If the federal lease sale gets final approval, it is expected to be held in mid-May.
Robin Cacy, a spokeswoman for the federal Minerals Management Service, said a formal proposal for the sale in lower Cook Inlet will be announced later this month. A final decision will be made by Interior Secretary Gale Norton.
People at hearings earlier this year in Homer and the villages of Port Graham and Nanwalek opposed the sale. But it was supported in Kenai and backed by the Kenai Peninsula Borough.
An environmental study released last week said the deletion of recommended tracts, along the eastern Inlet from Kachemak Bay south, should help protect Native subsistence and reduce potential impacts to threatened species, such as beluga whales and Steller sea lions.
It also would reduce visual impacts by moving development farther offshore, the study said.
While the southern end of the sale area has received closer environmental scrutiny, the northern end has gotten more industry attention.
The study estimates that going ahead will bring $2.8 million a year in borough property taxes for 15 years, along with $2 million a year to the state and several hundred "direct, indirect and induced" jobs.
Opponents said that they feared spills and that the appearance of oil or natural gas platforms that might disrupt tourism.

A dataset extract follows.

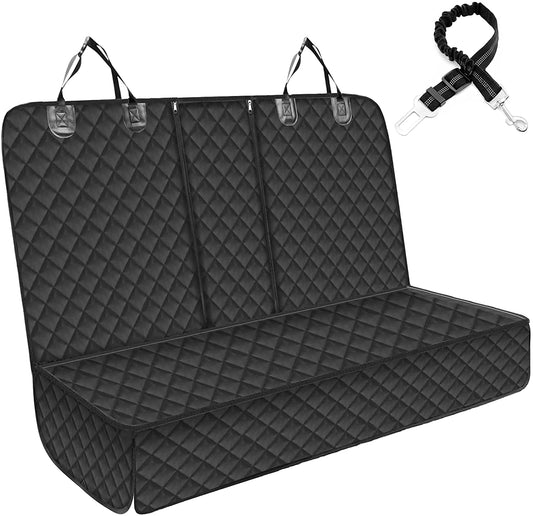 Dog Car Seat Cover, 4-Layer Protection Waterproof Back Seat Cover, Rear Cover with 1 Elastic Dog Seat Belt, Keeps Seat Non-Slip, Away from Scratches for Cars Trucks Suvs(46.5" Lx53 W, Black)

They said they feared that federal and state moves to reduce environmental regulations would increase the risks of drilling.
Bob Shavelson, director of the Homer-based group Cook Inlet Keeper, dismissed the environmental concessions as window dressing.
"The throwaway tracts were intentionally put in there so they could be pulled out and the government would appear to be responsive," he said.
About 2.2 million acres is recommended for next year's Sale 191.
The lower Inlet, stretching from Katmai National Park to Ninilchik, was first offered for lease in 1977 and 1981, with 13 exploration wells drilled. The wells were all plugged and abandoned, and the leases have expired.
In 1997, the Clinton administration scaled back federal lease Sale 149 to offer just the northernmost tracts, in the middle Inlet. The move was pushed by then-Gov. Tony Knowles.
That offering of just less than half a million acres resulted in the sale of only four tracts. But they were key: The four now belong to Forest Oil and are part of the Cosmopolitan unit being explored for oil by Conoco Phillips, which is using slant drilling from an onshore platform at Stariski.